The song’s lyrics also make great use of one of the more unique verbs of the English language — to ‘vampirize’, which according to Google’s Ngram has been around since the 1890s. It’s got a special boost over the last 30 years.

2. Captain Zorro – “The Phantasm Theme (Disco Version)” (1979)

The original Phantasm soundtrack, composed by Fred Myrow and Malcolm Seagrave, was heavily influenced by the Tubular Bells theme from The Exorcist (as was everyone else!).

But in 1979, disco fever was at its peak, and everyone from Bruce Lee to Disney were getting the disco treatment.
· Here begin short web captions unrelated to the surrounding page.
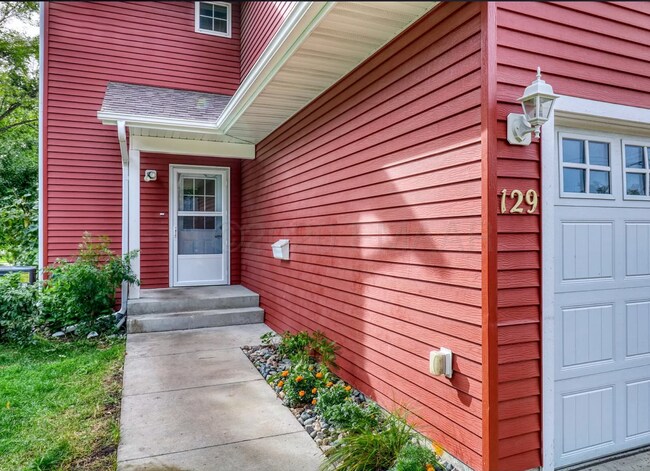 129 16th St S unit 1, Fargo, ND 58103 - photo 2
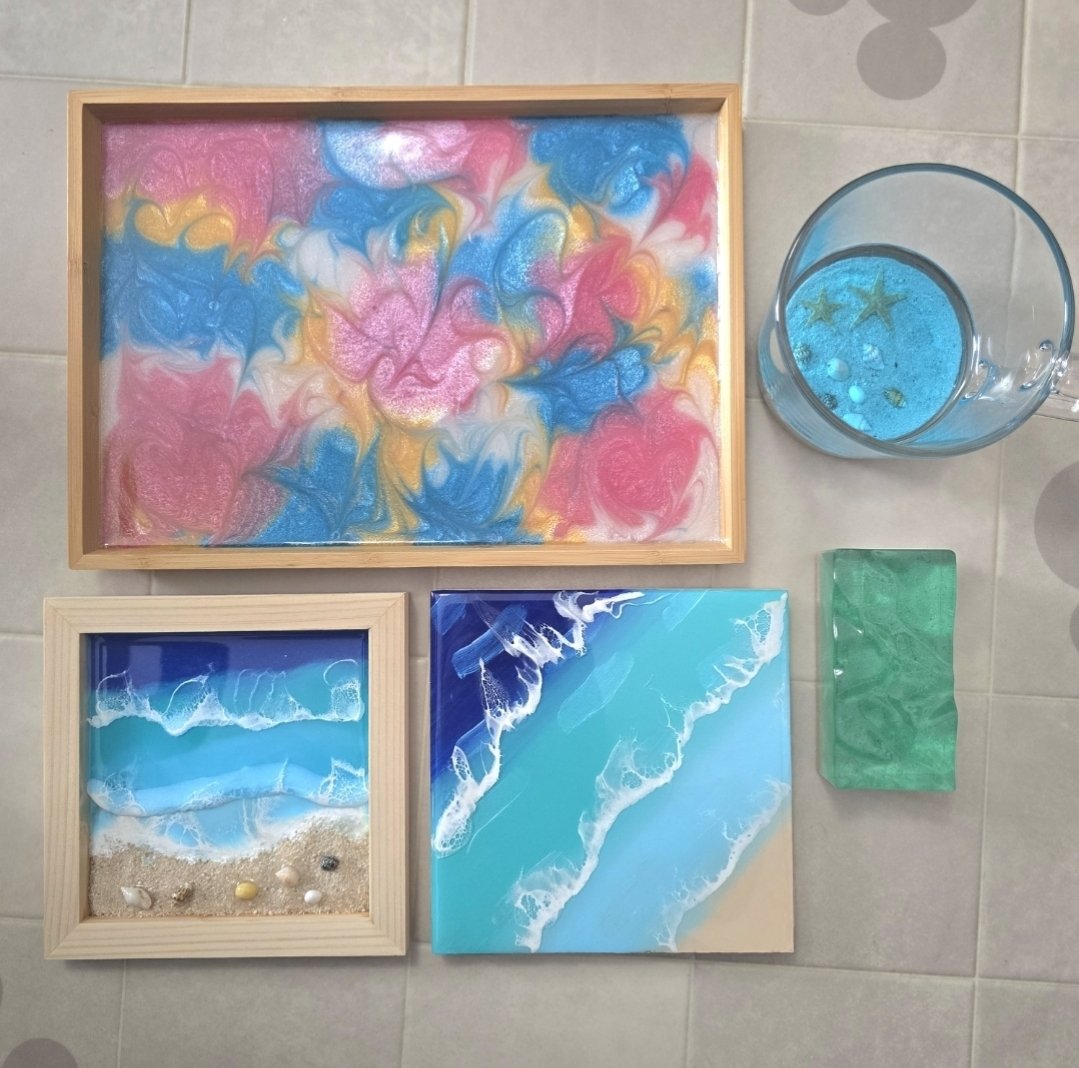 mayumin1610's tweet photo. 去年の夏、出会ってビビビ✨と来た、レジンの波アート🌊
やってみたい💕でも難しいかな？ってずっと悩んでいて、ついに一歩を踏み出して、日本レジュクラフト認定講師講座を受講❣️認定講師になれました✨マルシェや自宅レッスンや…やってみたいことは盛り沢山😁まずは自分のスキルアップ頑張るぞ💪 https://t.co/PySQS84ZGc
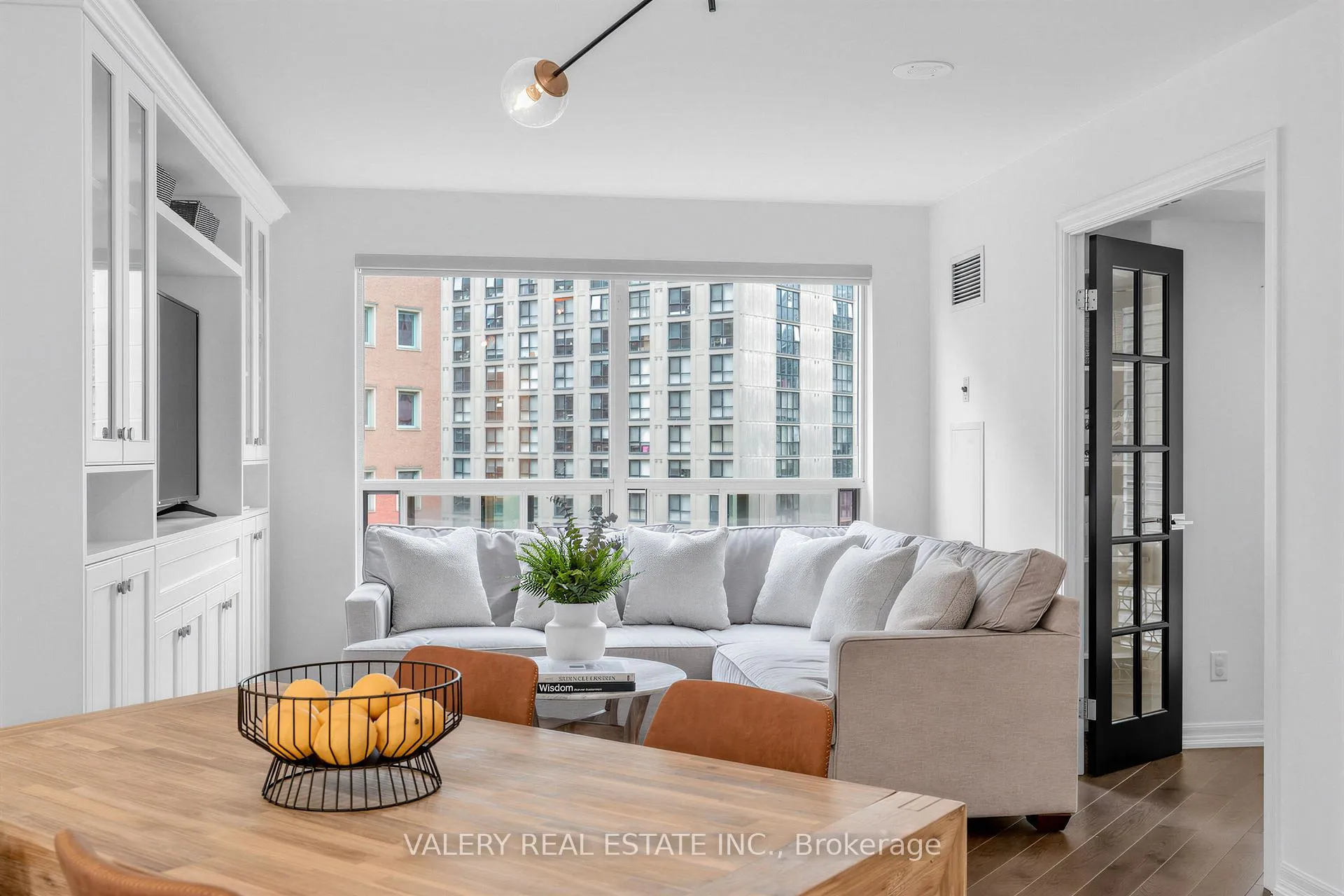 Photo 5 of Unit 1009, 300 Bloor Street E, Toronto, Rosedale-Moore Park — HOMEH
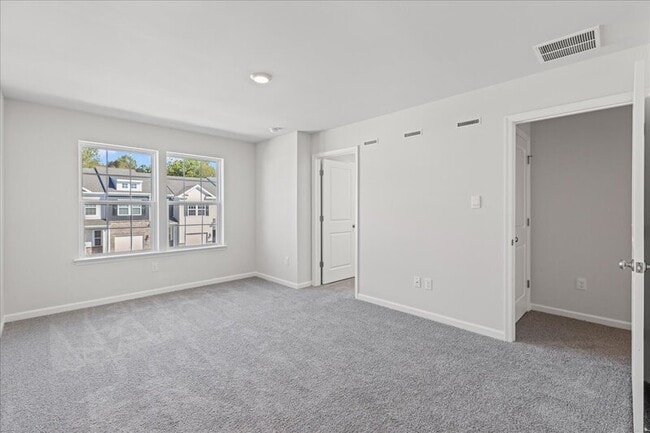 Building Photo - 27 Whaler Dr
And so someone called Captain Zorro reworked this wonderful Phantasm theme for the nightclubs, turning its drones and spooky twangs into dance-beats, and a nice female chorus line.

Now a minor collector’s item, the 12-inch release was perhaps the first instance of blood-spattered vinyl being used as a nifty marketing campaign for horror. Who would’ve thought?

3. Claudio Simonetti and Goblin – “Tenebrae (Main Title)” (1982)

All of this — this list, my Halloween show, an ongoing obsession with Italo disco — can be traced back to this one particular theme, which I listened to heavily as a teenager, a side-affliction of being a horror-movie fan.

The now well-known prog-rock group Goblin became most famous in Italy for scoring Profondo Rosso in 1974. Their haunting title theme spent 14-weeks at Number 1 on the Italian Charts (saying something about Italians and horror.) For the English-speaking world, it is their legendary Suspiria soundtrack that has become their defining work.

However, not so well-known is the fact that keyboardist and founding member Claudio Simonetti had a break from the band in the late 70s, launching into the world of disco production.

Taking his cue from Giorgio Moroder, Simonetti’s name ended up behind a plethora of Italian disco hits: Easy Going’s “Fear,” “Walkman” by Kasso, and Vivien Vee’s “Remember,” which made its way onto The Warriors soundtrack in the U.S.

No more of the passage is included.